Organic food has been on the rise since it came into fashion; vegetables, fruit, grains, dairy and meat grown and processed using non-conventional methods not only tend to carry a hefty price tag, but are usually thought to be of higher quality and better for health, although production of organic food products may not be good for the environment.
"Our study shows that organic peas, farmed in Sweden, have around a 50 per cent bigger climate impact than conventionally farmed peas," said an associate professor at Chalmers University of Technology in Sweden, Stefan Wirsenius.
Recently, it was reported that organic food had a larger impact on the Earth's climate than previously thought, mostly because of how much land is required to grow it compared to conventionally grown food, according to the Economic Times.
Organic food has become so popular in the United States that the US Department of Agriculture has even provided certain requirements for certification of organic products depending on how much of the product is made organically.
Putting aside the health benefits, the yields each hectare produces for organically grown food is much lower than conventionally grown food because of the lack of fertilizers.

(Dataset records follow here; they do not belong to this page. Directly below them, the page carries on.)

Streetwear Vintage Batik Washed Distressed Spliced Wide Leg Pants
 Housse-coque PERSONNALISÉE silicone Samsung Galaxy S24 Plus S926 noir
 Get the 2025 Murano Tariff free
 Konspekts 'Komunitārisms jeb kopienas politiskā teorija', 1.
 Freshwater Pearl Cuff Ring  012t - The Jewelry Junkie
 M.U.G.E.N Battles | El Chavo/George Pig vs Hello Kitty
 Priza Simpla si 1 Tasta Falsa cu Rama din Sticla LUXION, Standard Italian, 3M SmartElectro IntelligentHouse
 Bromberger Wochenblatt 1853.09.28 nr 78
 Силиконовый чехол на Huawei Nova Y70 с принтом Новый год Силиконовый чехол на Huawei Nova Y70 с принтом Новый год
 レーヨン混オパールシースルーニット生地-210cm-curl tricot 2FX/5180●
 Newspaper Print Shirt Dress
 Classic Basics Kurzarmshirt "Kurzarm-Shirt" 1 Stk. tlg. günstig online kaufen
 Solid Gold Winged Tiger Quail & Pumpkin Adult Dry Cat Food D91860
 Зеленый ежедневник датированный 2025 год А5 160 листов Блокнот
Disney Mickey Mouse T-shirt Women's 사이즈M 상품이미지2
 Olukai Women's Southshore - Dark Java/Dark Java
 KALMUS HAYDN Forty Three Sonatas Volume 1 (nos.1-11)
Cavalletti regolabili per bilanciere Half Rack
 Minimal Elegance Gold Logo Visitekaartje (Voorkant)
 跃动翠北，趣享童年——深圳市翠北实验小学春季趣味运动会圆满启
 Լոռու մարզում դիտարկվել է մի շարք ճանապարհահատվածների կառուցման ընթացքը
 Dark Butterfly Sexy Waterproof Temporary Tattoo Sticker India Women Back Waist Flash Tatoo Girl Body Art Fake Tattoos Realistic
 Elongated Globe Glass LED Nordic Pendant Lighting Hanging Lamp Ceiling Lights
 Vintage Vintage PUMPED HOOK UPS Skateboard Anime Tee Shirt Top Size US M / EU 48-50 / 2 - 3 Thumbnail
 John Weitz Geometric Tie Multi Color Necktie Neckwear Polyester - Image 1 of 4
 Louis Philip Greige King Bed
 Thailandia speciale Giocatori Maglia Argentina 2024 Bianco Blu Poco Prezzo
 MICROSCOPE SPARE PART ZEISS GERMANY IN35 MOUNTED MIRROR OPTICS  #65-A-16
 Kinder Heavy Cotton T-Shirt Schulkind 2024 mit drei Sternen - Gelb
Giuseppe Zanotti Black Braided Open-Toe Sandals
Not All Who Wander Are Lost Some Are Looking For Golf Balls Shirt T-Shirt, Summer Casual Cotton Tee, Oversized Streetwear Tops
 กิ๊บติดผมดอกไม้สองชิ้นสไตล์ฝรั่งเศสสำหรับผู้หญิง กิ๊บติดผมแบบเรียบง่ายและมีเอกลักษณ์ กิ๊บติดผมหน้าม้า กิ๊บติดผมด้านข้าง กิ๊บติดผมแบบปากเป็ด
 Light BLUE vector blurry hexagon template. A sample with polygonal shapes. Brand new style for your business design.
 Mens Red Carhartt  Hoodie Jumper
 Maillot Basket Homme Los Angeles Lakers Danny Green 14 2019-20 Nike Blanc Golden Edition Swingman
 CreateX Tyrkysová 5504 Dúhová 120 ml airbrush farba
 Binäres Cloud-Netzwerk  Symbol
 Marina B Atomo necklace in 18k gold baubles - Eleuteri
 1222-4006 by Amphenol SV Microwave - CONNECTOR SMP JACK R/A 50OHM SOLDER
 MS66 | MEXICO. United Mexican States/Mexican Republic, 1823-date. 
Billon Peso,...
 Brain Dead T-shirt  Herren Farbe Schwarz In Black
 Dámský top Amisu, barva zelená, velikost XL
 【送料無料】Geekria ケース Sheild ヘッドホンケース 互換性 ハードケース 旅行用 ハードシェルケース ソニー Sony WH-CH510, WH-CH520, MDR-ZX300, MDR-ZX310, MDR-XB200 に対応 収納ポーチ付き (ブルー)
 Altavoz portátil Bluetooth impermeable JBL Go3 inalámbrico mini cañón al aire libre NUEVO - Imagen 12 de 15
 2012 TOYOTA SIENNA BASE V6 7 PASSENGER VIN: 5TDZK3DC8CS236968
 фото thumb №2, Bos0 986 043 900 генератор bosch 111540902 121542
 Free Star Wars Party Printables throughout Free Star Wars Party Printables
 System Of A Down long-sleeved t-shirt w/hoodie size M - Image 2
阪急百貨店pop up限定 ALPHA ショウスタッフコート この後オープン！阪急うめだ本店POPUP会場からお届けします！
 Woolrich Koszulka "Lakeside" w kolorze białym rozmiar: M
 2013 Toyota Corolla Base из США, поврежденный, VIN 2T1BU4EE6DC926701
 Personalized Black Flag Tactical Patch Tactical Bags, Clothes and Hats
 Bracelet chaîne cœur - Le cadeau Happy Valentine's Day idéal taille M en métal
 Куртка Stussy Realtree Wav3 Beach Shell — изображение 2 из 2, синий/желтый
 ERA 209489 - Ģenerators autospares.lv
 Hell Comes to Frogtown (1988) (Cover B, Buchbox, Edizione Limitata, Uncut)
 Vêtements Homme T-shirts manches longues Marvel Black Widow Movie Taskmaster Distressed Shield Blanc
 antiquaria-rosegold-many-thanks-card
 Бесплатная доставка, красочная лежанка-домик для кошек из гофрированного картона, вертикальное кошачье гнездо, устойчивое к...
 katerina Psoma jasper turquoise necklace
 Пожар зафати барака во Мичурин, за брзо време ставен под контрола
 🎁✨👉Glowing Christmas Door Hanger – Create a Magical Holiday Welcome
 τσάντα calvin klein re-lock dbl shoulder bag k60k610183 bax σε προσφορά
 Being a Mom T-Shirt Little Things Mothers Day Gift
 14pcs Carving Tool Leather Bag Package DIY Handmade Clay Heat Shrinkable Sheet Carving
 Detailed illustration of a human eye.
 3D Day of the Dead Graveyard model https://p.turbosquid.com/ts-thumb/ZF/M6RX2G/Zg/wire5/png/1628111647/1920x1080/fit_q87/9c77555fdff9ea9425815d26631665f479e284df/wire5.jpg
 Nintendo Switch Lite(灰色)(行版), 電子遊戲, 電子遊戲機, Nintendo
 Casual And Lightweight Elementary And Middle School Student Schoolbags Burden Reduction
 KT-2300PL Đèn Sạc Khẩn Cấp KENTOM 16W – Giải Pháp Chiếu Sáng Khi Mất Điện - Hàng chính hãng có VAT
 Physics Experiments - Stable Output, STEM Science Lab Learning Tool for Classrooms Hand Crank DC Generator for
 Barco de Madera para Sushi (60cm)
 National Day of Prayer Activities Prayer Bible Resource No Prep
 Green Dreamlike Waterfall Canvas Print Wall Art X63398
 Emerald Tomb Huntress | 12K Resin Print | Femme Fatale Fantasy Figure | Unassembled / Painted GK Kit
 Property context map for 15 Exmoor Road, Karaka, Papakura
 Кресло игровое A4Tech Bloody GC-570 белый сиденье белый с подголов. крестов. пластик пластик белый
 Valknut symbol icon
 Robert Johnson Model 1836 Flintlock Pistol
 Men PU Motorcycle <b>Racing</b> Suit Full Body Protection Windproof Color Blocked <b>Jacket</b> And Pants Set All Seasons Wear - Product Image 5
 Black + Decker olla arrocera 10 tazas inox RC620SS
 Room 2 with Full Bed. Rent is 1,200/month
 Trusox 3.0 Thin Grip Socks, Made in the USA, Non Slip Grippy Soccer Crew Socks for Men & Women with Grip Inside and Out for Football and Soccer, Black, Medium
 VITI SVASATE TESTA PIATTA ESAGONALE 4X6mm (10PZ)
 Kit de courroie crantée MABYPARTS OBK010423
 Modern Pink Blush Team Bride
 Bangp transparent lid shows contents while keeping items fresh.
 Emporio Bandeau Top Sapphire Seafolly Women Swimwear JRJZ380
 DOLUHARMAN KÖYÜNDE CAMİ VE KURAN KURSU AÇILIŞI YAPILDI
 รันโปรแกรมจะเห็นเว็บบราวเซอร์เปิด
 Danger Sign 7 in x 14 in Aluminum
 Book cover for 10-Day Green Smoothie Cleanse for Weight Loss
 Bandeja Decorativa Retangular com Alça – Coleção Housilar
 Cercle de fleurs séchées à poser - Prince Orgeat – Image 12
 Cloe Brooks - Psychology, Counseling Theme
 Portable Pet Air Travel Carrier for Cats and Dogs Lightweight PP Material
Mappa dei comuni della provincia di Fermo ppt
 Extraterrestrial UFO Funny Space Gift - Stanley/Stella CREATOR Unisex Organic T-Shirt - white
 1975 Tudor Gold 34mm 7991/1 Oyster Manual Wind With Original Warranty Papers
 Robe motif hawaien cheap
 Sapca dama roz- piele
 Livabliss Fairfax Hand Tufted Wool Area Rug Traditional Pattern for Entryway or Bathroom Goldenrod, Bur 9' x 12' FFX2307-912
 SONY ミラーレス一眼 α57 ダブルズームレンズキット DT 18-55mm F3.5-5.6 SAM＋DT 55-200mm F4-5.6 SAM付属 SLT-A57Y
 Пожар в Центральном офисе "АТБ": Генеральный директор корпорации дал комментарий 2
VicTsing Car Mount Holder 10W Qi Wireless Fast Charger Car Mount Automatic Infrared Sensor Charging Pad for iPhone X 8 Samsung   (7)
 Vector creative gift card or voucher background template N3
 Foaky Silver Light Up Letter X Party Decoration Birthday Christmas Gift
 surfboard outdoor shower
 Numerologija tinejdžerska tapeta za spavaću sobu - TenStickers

"For some foodstuffs, there is an even bigger difference -- for example, with organic Swedish winter wheat the difference is closer to 70 per cent," Wirsenius said.
To produce the same amount of food organically as is grown conventionally, farmers need more land, according to researchers. Other foods such as organic meat and milk, produced by organic-fed livestock, also require more land and resources, which is bad for climate change.
"The greater the land use in organic farming leads indirectly to higher carbon dioxide emissions, thanks to deforestation," Wirsenius explained.
"If we use more land for the same amount of food, we contribute indirectly to greater deforestation elsewhere in the world," he added.